Cannot see segments on S3 with hadoop index

Hello, my setup is as follows:

  • Druid 0.15.1 on private cloud
  • Hadoop EMR on aws.

I have successfully submitted an ingestion job from druid console, and i can see it completed successfully in Hadoop.
However, in S3, i only see logs for the job, and not the segments.
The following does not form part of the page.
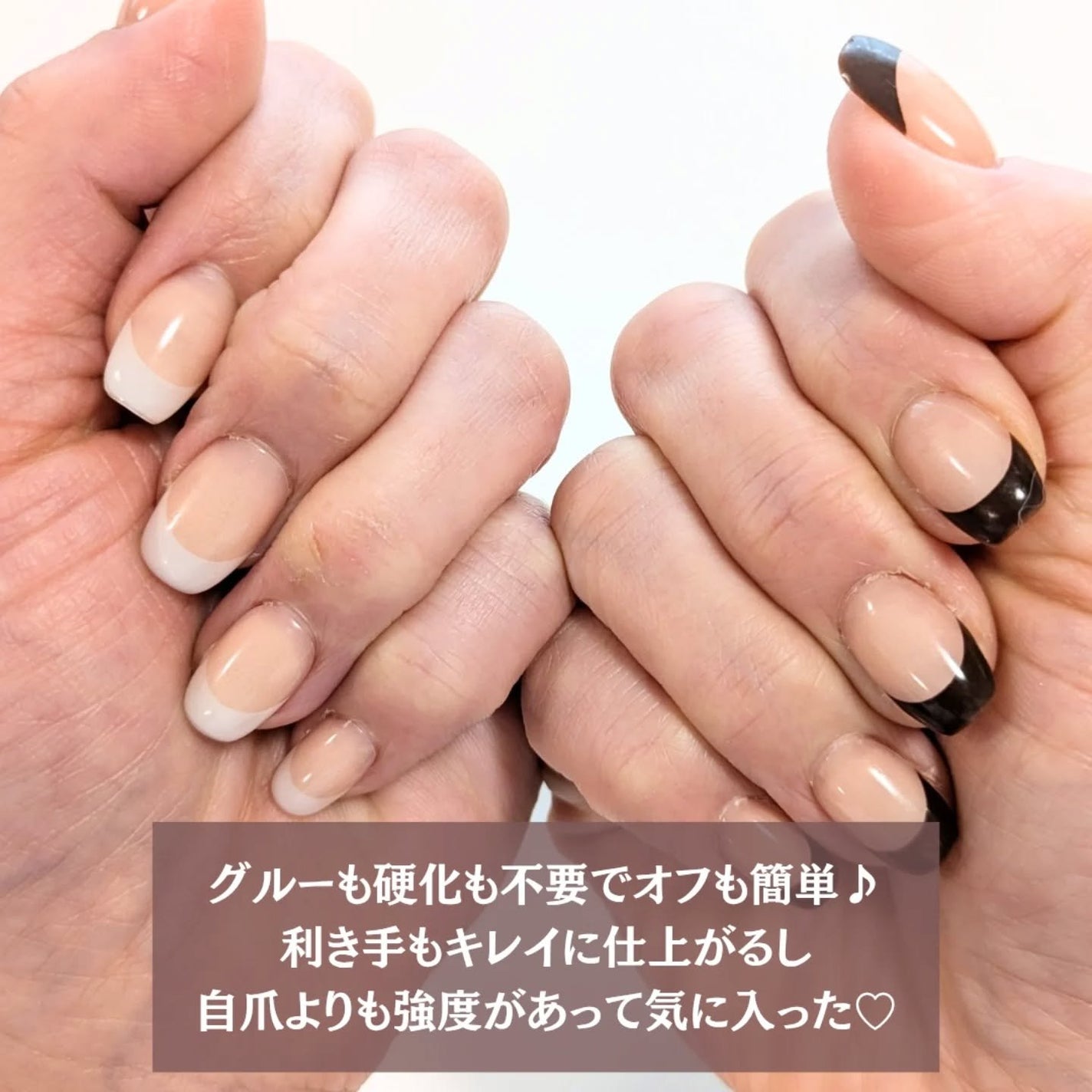 ぽ_ん on LIPS 「ohoraジェルネイルチップ CUREDGELPRESS-ON..」(7枚目)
Hence, segments are never loaded in druid with the error:

Caused by: java.lang.RuntimeException: No buckets?? seems there is no data to index.

Attaching my job spec and common properties:

Since the job in hadoop terminates successfylly, how can i further debug why segments are not showing up on S3?

spec.json (2.28 KB)

common.properties (975 Bytes)

Hi,

Can you check your data is coherent with your spec interval ?
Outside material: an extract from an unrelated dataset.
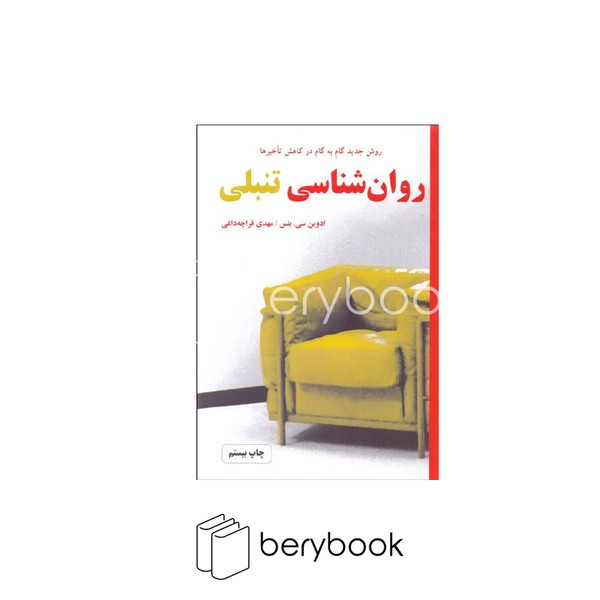 کتاب روان شناسی تنبلی / روش جدید گام به گام در کاهش تأخیرها / شومیز / نشر دایره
If you load data from 2018 but your spec specify interval of 2019, the ingestion won’t fail but you won’t have any segments.

I don’t remember exactly what you can search but in the ingestion logs there is a line where you can see how many lines are ingested

Hi,

Yes, i ve checked the sample file i am using and all the timestamps fall within the ingestion period i have set on the spec.

Are the ingestion logs on hadoop yarn?

This is the druid report job:

{
“ingestionStatsAndErrors”: {
“taskId”: “index_hadoop_data_2019-09-04T09:26:25.973Z”,
“payload”: {
“ingestionState”: “BUILD_SEGMENTS”,
“unparseableEvents”: null,
“rowStats”: {
“determinePartitions”: {
“rowsProcessedWithErrors”: 0,
“rowsProcessed”: 0,
“rowsUnparseable”: 0,
“rowsThrownAway”: 478627
},
“buildSegments”: null
},
“errorMsg”: “java.lang.RuntimeException: No buckets?? seems there is no data to index.”
},
“type”: “ingestionStatsAndErrors”
}
}

``

I am guessing rowsThrownAway Is problematic?

Ok, problem was, i had “auto” in timestampSpec but my data was in posix. I mistakenly thought that “auto” meant it would automatically detect the timestamp format.

Solved.